Key takeaways
- YouTube has overtaken Reddit as the most-cited social platform in AI-generated answers, appearing in roughly 16% of LLM responses vs Reddit's 10%.
- Your own website is likely being ignored -- 62% of brands are completely absent from AI-generated answers.
- AI models favor sources with structured, explanatory content: transcripts, metadata, and clear formatting beat raw engagement signals.
- A multi-channel strategy (website + YouTube + Reddit) beats betting on any single source.
- Tracking which sources AI actually cites for your category is now a core part of any content strategy.
Here's something that should bother you: you've spent years building your website, publishing blog posts, optimizing for Google -- and AI models are largely ignoring it. Instead, they're pulling answers from YouTube videos and Reddit threads you didn't create, don't control, and probably aren't even monitoring.
That's not a hypothetical. According to data from Bluefish, YouTube appeared as a cited source in 16% of LLM answers over a recent six-month period. Reddit came in at 10%. Your brand's own website? For 62% of brands, the answer is zero.
So what's actually going on? Why do AI models trust a YouTube comment section or a Reddit thread over your carefully crafted product page? And what can you do about it?
Let's get into it.
How AI models decide what to cite
Before comparing sources, it helps to understand what AI models are actually optimizing for when they generate a response. They're not ranking pages the way Google does. They're not counting backlinks or measuring domain authority. They're trying to produce a useful, credible, specific answer -- and they pull from sources that help them do that.

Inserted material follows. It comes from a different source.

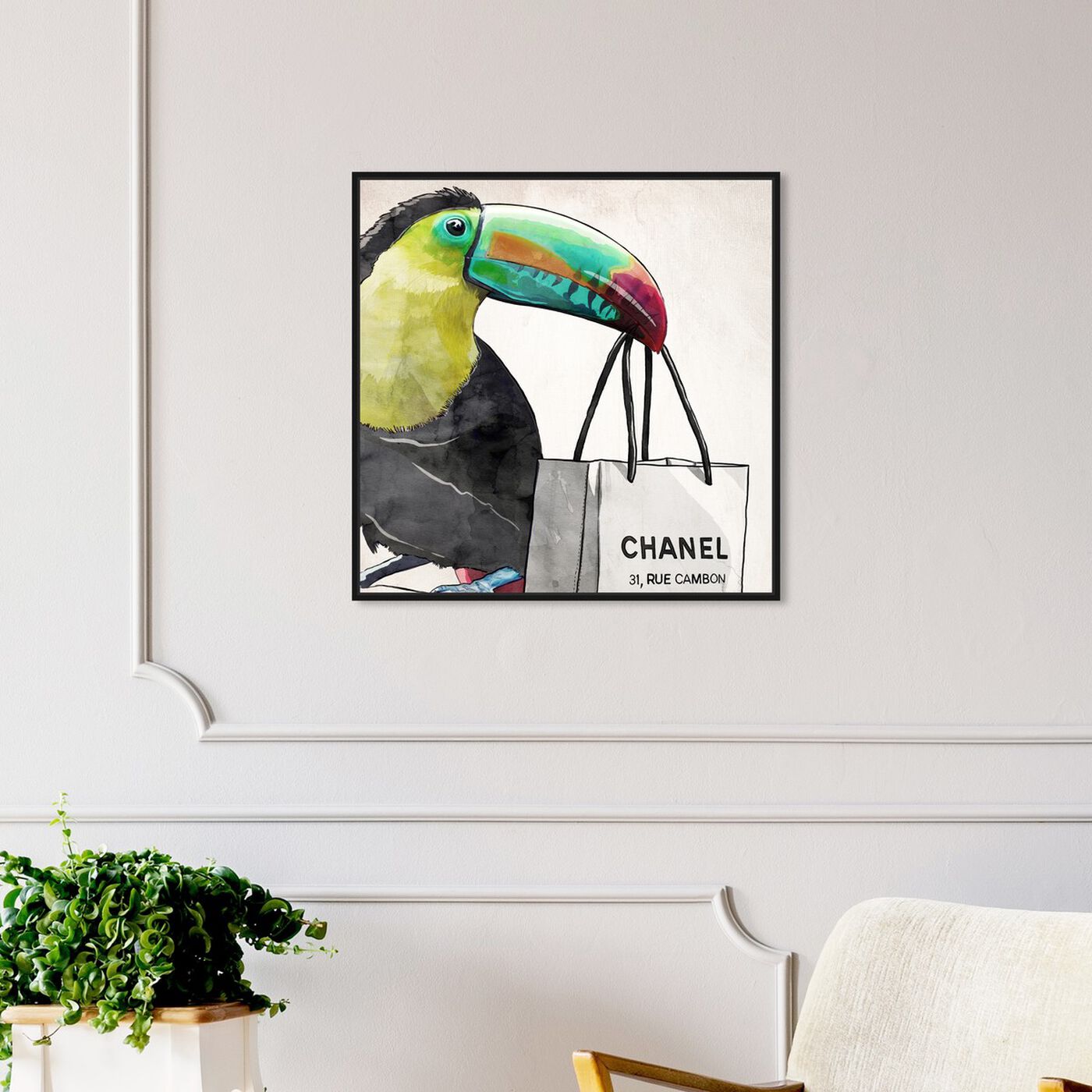 Hanging view of French Toucan Artwork featuring fashion and glam and fashion art.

A few things matter a lot:
- Specificity and depth. Vague content gets skipped. If a Reddit thread has someone explaining exactly how they solved a problem with step-by-step details, that's more useful to an AI than a landing page that says "our solution helps businesses grow."

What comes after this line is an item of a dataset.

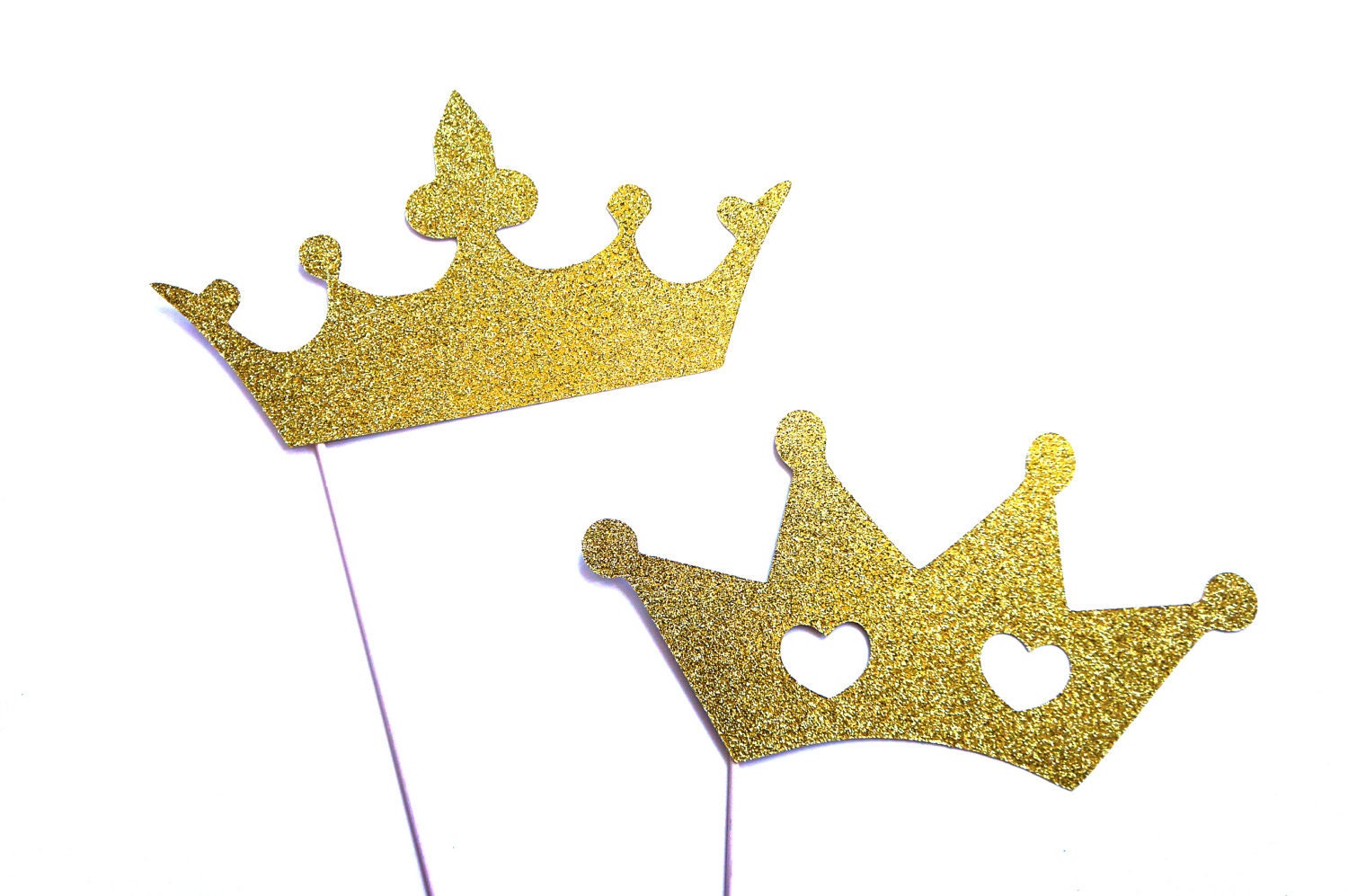 Photo Booth Props - Prom King and Queen Crowns with GLITTER - Photobooth Props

- Format and structure. AI models process text. YouTube transcripts, Reddit posts with clear question-and-answer structure, and well-organized articles all parse cleanly. Marketing copy with lots of buzzwords and no concrete claims does not.
- Trust signals at the domain level. YouTube and Reddit are massive, high-traffic domains with enormous amounts of human-generated content. AI training data is full of them. Your company blog, unless it's genuinely authoritative, starts at a disadvantage.

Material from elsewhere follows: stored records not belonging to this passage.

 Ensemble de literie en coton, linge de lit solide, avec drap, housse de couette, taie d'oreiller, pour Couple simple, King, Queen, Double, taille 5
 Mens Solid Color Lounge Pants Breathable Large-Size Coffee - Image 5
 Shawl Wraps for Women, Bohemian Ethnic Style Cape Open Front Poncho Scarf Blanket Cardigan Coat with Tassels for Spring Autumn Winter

- Conversational relevance. People ask AI models questions the way they'd ask a person. Reddit and YouTube are full of exactly that kind of natural language. Corporate websites are full of the opposite.
None of this means your website is useless. But it does mean the content you publish there needs to work much harder than it used to.
YouTube: why it's winning

YouTube's rise to the top of AI citations isn't random. A few structural advantages explain it.
Transcripts are machine-readable gold
Every YouTube video with captions generates a transcript. That transcript is text -- indexable, parseable, and full of natural language explanations. When someone makes a 12-minute tutorial video explaining how to configure a firewall or compare two software tools, the transcript of that video is essentially a long-form article. AI models can read it, extract the key claims, and cite it.
This is a big deal. A lot of brands have been sleeping on video content because it felt like a "top of funnel" play. In 2026, a well-made YouTube video with a solid transcript is a direct citation opportunity.
Explanatory format matches AI query patterns
YouTube's dominant content format -- "here's how to do X" or "I tested Y and here's what happened" -- maps almost perfectly to how people prompt AI models. When someone asks ChatGPT "what's the best way to do X," the model is looking for exactly the kind of content YouTube creators produce: opinionated, specific, experience-based.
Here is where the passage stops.